If we assume, as per usual when deriving NLS-type models, that

$$\begin{aligned} \hat{\eta }_{0}(k) = \frac{1}{\epsilon }\hat{A}\left( \frac{k-k_{0}}{\epsilon } \right) , \end{aligned}$$

representing the assumption that the initial conditions are narrowly banded around a carrier wave number \(k_{0}\), then we see that, taking only the plus branch of \(\Omega _{\pm }\),

$$\begin{aligned} \eta (x,t) =&\frac{e^{i\theta (x,t,k_{0})}}{2\pi }\int _{\mathbb {R}}\hat{A}(\tilde{k})e^{i\tilde{k}\xi } e^{i\tau \tilde{\Omega }(k_{0},\tilde{k})}\mathrm{d}\tilde{k}\\ \sim&\frac{e^{i\theta (x,t,k_{0})}}{2\pi }\int _{\mathbb {R}}\hat{A}(\tilde{k})e^{i\tilde{k}\xi }e^{i\tau \left( \frac{\Omega ''(k_{0})}{2}\tilde{k}^{2} + \frac{\epsilon }{6}\Omega '''(k_{0})\tilde{k}^{3} + \frac{\epsilon ^{2}}{24}\Omega ''''(k_{0})\tilde{k}^{4}\right) }\mathrm{d}\tilde{k}, \end{aligned}$$

where

$$\begin{aligned} \theta (x,t,k_{0}) = k_{0}x + \Omega (k_{0})t, ~c_{g}(k_{0}) = \Omega '(k_{0}), ~ \xi = \epsilon (x+c_{g}t), ~ \tau = \epsilon ^{2}t, \end{aligned}$$

and where

$$\begin{aligned} \tilde{\Omega }(k_{0},\tilde{k}) = \frac{1}{\epsilon ^{2}}\left( \Omega (k_{0}+\epsilon \tilde{k})-\Omega (k_{0})-\Omega '(k_{0})\epsilon \tilde{k}\right) \end{aligned}$$

and where we have expanded the dispersion relationship up to \(\mathcal {O}(\epsilon ^{3})\) as is done in the main body of the text. This expansion corresponds to the affiliated linear-evolution equation for the slowly evolving envelope \(A(\xi ,\tau )\)

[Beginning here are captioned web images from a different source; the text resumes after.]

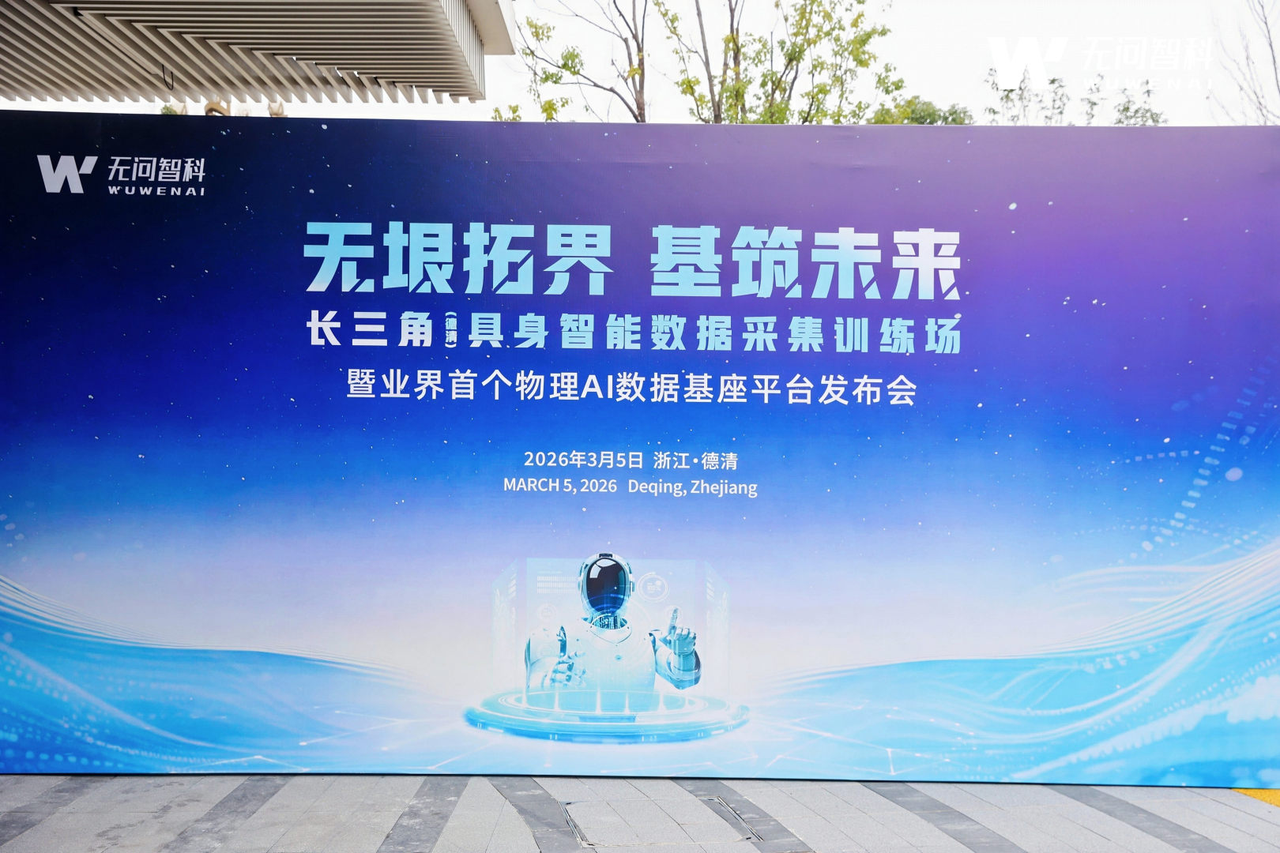 无垠拓界 基筑未来｜无问智科重磅发布业界首个物理AI数据基座平台
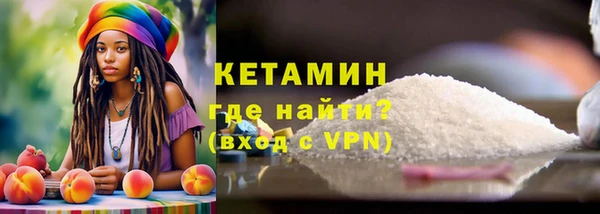 мдма Сафоново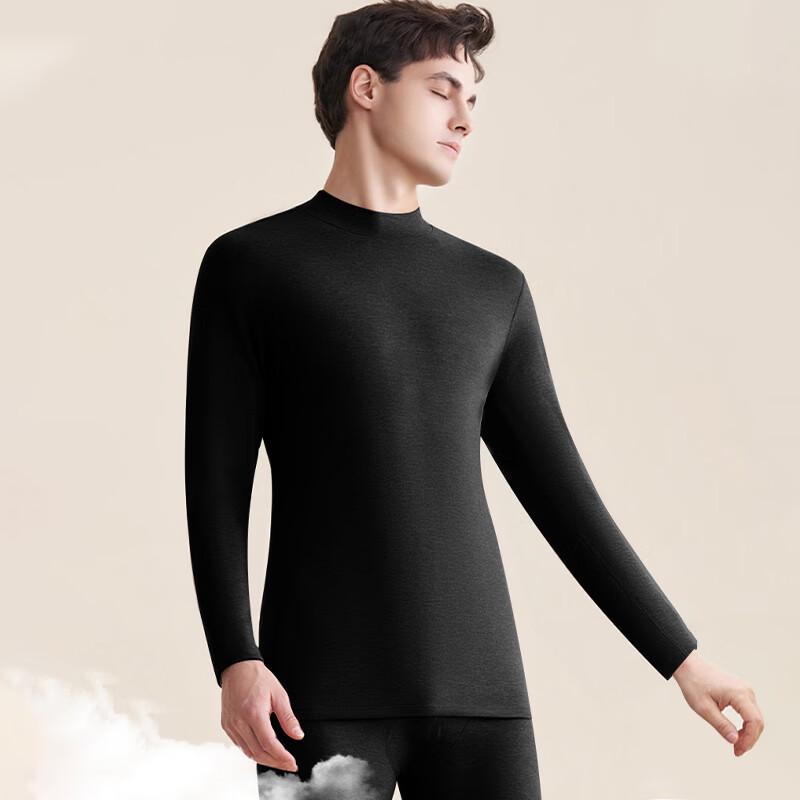 Langsha Men's Wool Silk Thermal Base Layer Top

$$\begin{aligned} i\partial _{\tau }A = \left( \frac{\Omega ''(k_{0})}{2}\partial _{\xi }^{2}-\frac{i\epsilon }{6}\Omega '''(k_{0})\partial _{\xi }^{3} - \frac{\epsilon ^{2}}{24}\Omega ''''(k_{0})\partial _{\xi }^{4}\right) A. \end{aligned}$$

As to the issue of why to include the \(\epsilon ^{2}\) term, we note that the affiliated group velocity of the slowly evolving envelope is given by

$$\begin{aligned} \frac{\mathrm{d}}{\mathrm{d}\tilde{k}}\tilde{\Omega } =&\frac{1}{\epsilon }\left( \Omega '(k_{0}+\epsilon \tilde{k}) - \Omega '(k_{0})\right) \\ \sim&\Omega ''(k_{0})\tilde{k}\left( 1 - \frac{3\epsilon c_{g}^{2}}{s}\tilde{k} + 10 \epsilon ^{2}c_{g}^{4}\tilde{k}^{2}\right) . \end{aligned}$$

We see that the full dispersion relationship has exactly one root at \(\tilde{k}=0\), so that this root is the only point of stationary phase in the corresponding integral representation of the solution \(\eta (x,t)\). However, using our Taylor series expansion, were we to ignore the \(\epsilon ^{2}\) term, we would introduce a new stationary-phase point at \(\tilde{k}_{*}\), where

$$\begin{aligned} \tilde{k}_{*} = \frac{s}{3\epsilon c_{g}^{2}}. \end{aligned}$$

The presence of this stationary-phase point allows for the accumulation of energy at high frequencies, which without a corresponding band-limiting requirement introduces non-physical effects into the model. By including the \(\epsilon ^{2}\) term though, we remove this spurious high-frequency stationary-phase point, thereby avoiding the inclusion of an otherwise unnecessary bandwidth condition on the slowly evolving envelope.